09 July 1917
We have become engaged for the second time. Joy from my parents. My beaming father. How glad I was that Ottla wasn’t there. I looked around the room and saw what awaited me – overstuffed furniture and mouths full of banality. F. had tea with us, and nibbled on the dainty cakes. And I knew she was taking in each chip of the porcelain to relay to her mother. Weighing and judging.
My father is crude, my mother gushes, but there is obviously money. And, I am a Herr Doktor of Laws, and well advanced up the ladder of bureaucracy. Yes, there are some elements of the brooding author, but that can be restricted to conversations with my friends after dinner on Sunday. Or, a couple of evenings at the coffee house a month. Those should be avenues enough to tend to my funny, little needs. A few hours in the dark, twitching like a timid rodent.

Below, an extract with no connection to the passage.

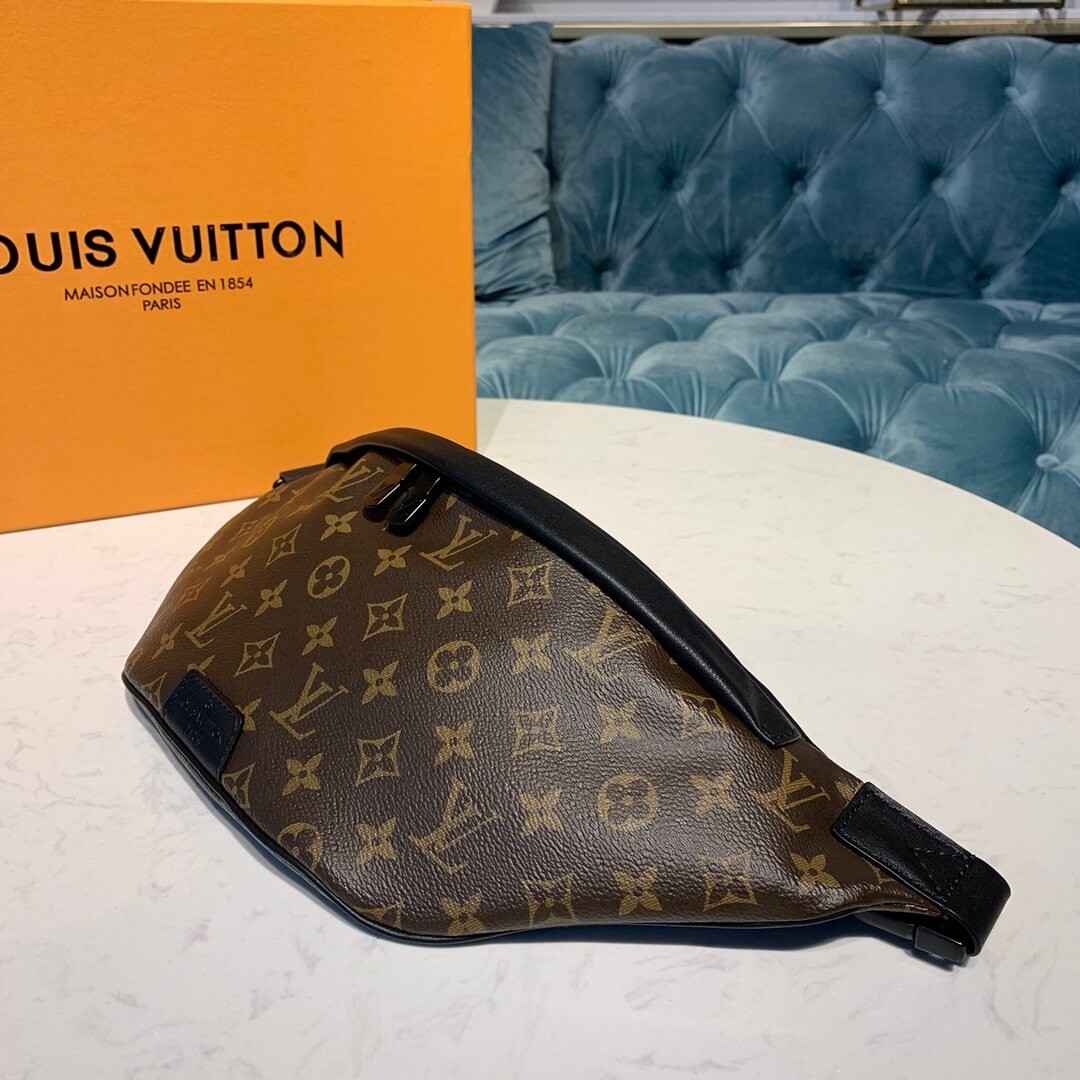 Louis Vuitton Monogram Cavas Discovery Bumbag M44336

Then, each week could begin anew. We even did our social duties, Felice and I. Visiting friends and relations with the joyous news. In a stiff, high collar which I had to borrow from my father. Much to his delight. We last called upon Max and his wife, as afternoon dragged into evening. Plates of food and platters of words. Max could not take his eyes from my chafing collar, and I knew he wanted to ask about it. But he dared not. Not in front of wife and fiancee. His and mine. He could not contain his smile however. Horror and humour. Mine and his. At least the social niceties were over once we left his house – except, of course, for my walk with F. back to her hotel. She debated whether or not to return to my parents, but I dissuaded her. She might have allowed an embrace on the outside steps, had I but tried. Had I only tried.
But I scuttled away, ascended some other steps, and here I am within this tiny house. The door is open because of the heat, but even had I locked and bared it after me, I fear they all would still enter. Would walk through the walls if necessary. Would scale the castle with ladders, if necessary. They are never going to let me rest. Even as I sleep, they will be lurking in my dreams.